What are you trying to accomplish?


----------



## oyster dog (Jul 2, 2013)

Marine algae and mangroves would die in a freshwater cichlid tank.


----------



## hawk1 (Oct 8, 2011)

Oh ok, I was just wondering if there would be any benefit to it. And I had seen a video on youtube a guy with a cichlid tank had some mangroves stuck in the back of his emperor 400.


----------



## yamadog (Oct 7, 2012)

I looked at that a while ago. Some sellers on flebay say their mangroves are freshwater acclimated. I don't know, if you had an open top tank, I think it would look pretty cool.


----------



## fmueller (Jan 11, 2004)

Not many people have open-top tanks, because if you do, you will also have jumpers. Whether plants growing out of an abandoned filter is a esthetic improvement for a tank is up to the beholder. That said, I guess mangroves are mostly in brackish water, and while no cichlid will survive in brackish conditions, the plants might do ok in fresh water. I have taken Valisneria from brackish water in North Carolina, and they do great in my freshwater tanks!
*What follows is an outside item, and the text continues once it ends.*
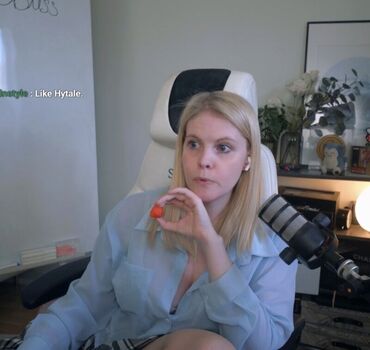 Full leaked Swebliss private onlyfans photo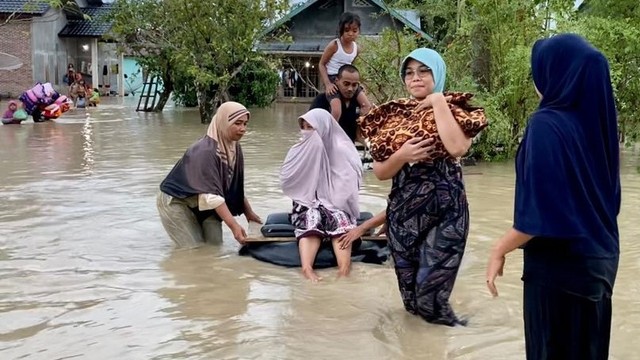 Kondisi banjir di Kabupaten Aceh Utara pada Minggu (2/1/2022). Foto: Zikri Maulana untuk acehkini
If chaeto can survive in freshwater I do not know. If you have access to some free or for cheap, why not try it and report back. I think if it worked I might get some myself


----------



## notchback65 (Apr 3, 2013)

If you do try it,make sure it is free of hitch hikers!

When I had my saltwater tank,my chaeto I got had tiny starfish,bristle worms ..etc.


----------



## fmueller (Jan 11, 2004)

notchback65 said:


> my chaeto I got had tiny starfish,bristle worms ..etc.


It would be interesting to see if they'd die in freshwater, or if the cichlids would eat them before it came to that :wink:

BTW - after some google research, it seems chaeto will die in freshwater too. Too bad!


----------